Вера, поджав губы, покачала головой и прибавила убежденно:
– Конечно, дочка-то ей и давала всего, а только она ничего не приняла: не поеду я, говорит, на Святую Русь, я с тобой, дитя, не расстануся!
Бабы смолкли, поглядывая на хозяйку.
– Ето ить на песню сложить можно, – задумчиво прибавила доныне молчавшая Олена.
– Твой-то что бает? – спросила Акимиха.
– На зиму поедут, говорят, с князем в Сарай, в прокляту Орду!
Олена, что все шевелила губами, тут вдруг, откачнувшись и полузакрыв глаза, пропела тихонько, неуверенно нащупывая напев:
Не поеду я на Святую Русь, Я с тобой, дитя, не расстануся…
– Не так вытягивашь! – отозвалась Вера и, отложив кужель, повторила на иной голос и громче:
Не поеду я на Святу-у-ю Русь, Я с тобой, дитя, не расста-а-нуся-а!
Она умолкла и смахнула слезу.
– Вот так.
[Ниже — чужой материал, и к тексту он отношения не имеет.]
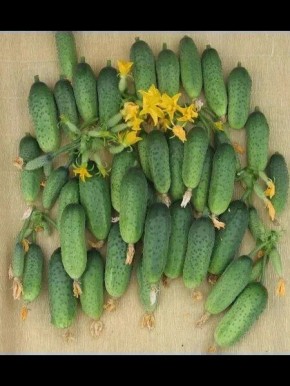 ������ �����������: ��������� ����� ��� ������� ������ � �������������� �������������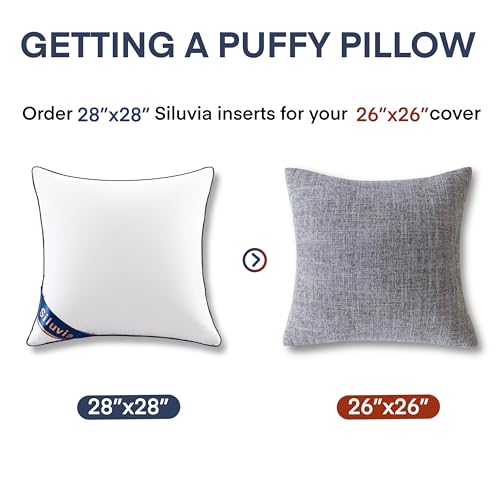 Siluvia 28"x28" Pillow Insert Set of 2 Square Throw 28 Pillows with 100% Cotton Cover for Sofa, Couch, and Bed - White - size: 28"x28"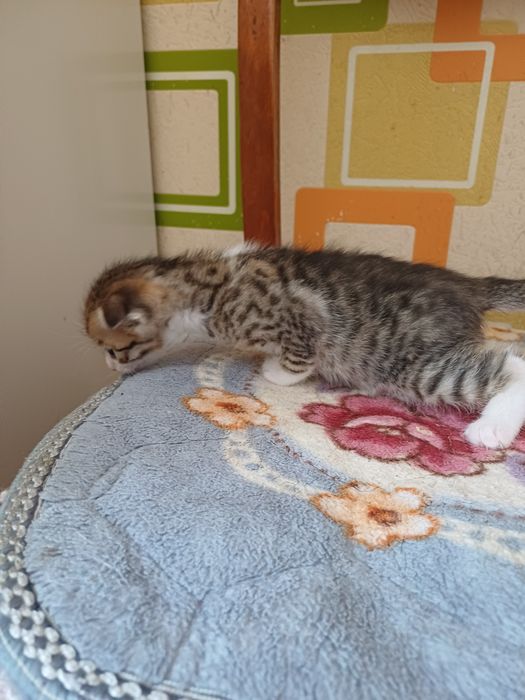 Отдам в добрые руки котят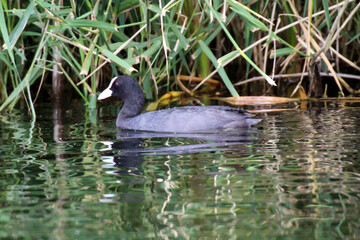 Aufnahme eines Blässhuhn im Teich. Blässhühner gehören zu den Teichrallen.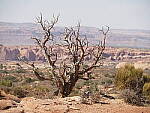 Click to see Y-WB-PA090050_2.JPG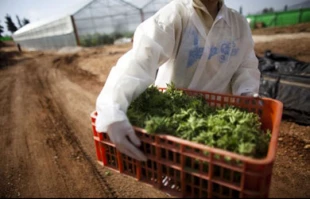 Cannabis use fairly common in Israel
Ежели уж песню складывать…
То не шум шумит, то не гам гамит, Злы татарове полон делят.
На полонице доставалася, Доставалася теща зятю.
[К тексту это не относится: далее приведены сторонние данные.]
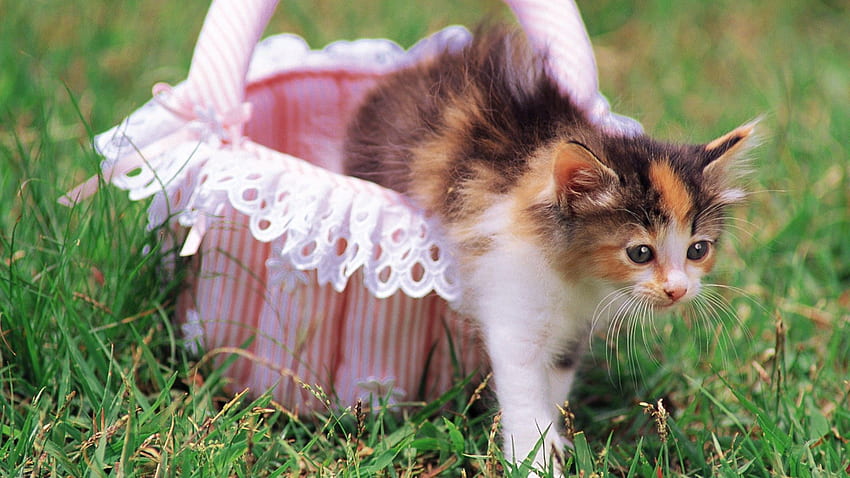 Animals, Grass, Cat, Kitty, Kitten, Basket, Tenderness HD wallpaper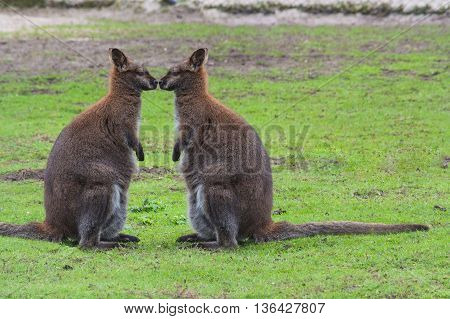 Kangaroo swamp wallaby (Wallabia bicolor) (Macropus giganteus) in its natural habitat in the grass.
Как повез тещу зять во дикую степь, Во дикую степь, к молодой жене:
– Уж и вот те, жена, те работница, С Руси русская полоняночка.
Ты заставь ее три дел делати:
Уж как первое дело – бел кужель прясти, А второе-то дело – лебедей пасти, А уж третье-то дело – дитю колыхать.
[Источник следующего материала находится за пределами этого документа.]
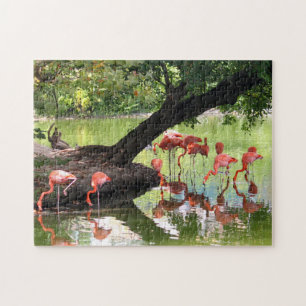 Foto van Wilde Pink Flamingo Flock Legpuzzel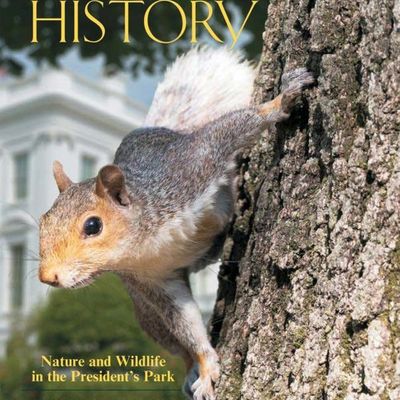 Which Presidential Pets were the G.O.A.T.?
Уж я ручками бел кужель пряду, Уж я глазками лебедей стерегу, Уж я ножками дите колышу, Качаю дите, прибаюкиваю:
– Ты, баю, баю, мое дитятко, Ты, баю, баю, мое милое!
Ты по батюшке зол татарчоночек, А по матушке ты русеночек, А и мне, старой, ты внучоночек, Как твоя-то мать мне родная дочь, Семи лет она во полон взята.
Как у ней-то есть приметочка:
На белой груди что копеечка.
Мне и бить-то тебя, так в грех будет, А дитей назвать мне – вера не та! – Услыхали ее девки сенные, Прибежали они ко боярыне:
– Государыня, наша матушка!
С Руси русская полоняночка, Она ручками бел кужель прядет, Она глазками лебедей стережет, Она ножками колыбель колыхат, Качает дитя, прибаюкивает:
– Ты, баю, баю, мое дитятко, Ты, баю, баю, мое милое!
Ты по батюшке зол татарчоночек, А по матушке ты русеночек, А и мне, старой, ты внучоночек.
Как твоя-то мать мне родная дочь, Семи лет она во полон взята.
Как у ней-то есть приметочка:
На белой груди что копеечка. – И бежит, шумит, по сеням гремит, Дочка к матери повалилася, Повалилася во резвы ноги:
– Государыня, моя матушка!
Уж и что ж ты мне не сказалася, Ты прости меня во первой вины, Ты бери, бери злата-серебра, Ты бери, бери шубу куньюю, Ты бери коня самолучшего, Ты беги, беги на Святую Русь!
– Не поеду я на Святую Русь!
Я с тобой, дитя, не расстануся…
Глава 105
На дворе молодые княжичи кололи дрова. Дворовый человек, Мирошка, неодобрительно глядел на потеху (у него самого секиру отобрал младший из княжат).
Юрий вышел, поглядел, щурясь, на братьев:
– Ну, кто со мной на охоту! Али мужицкая работа больше полюби?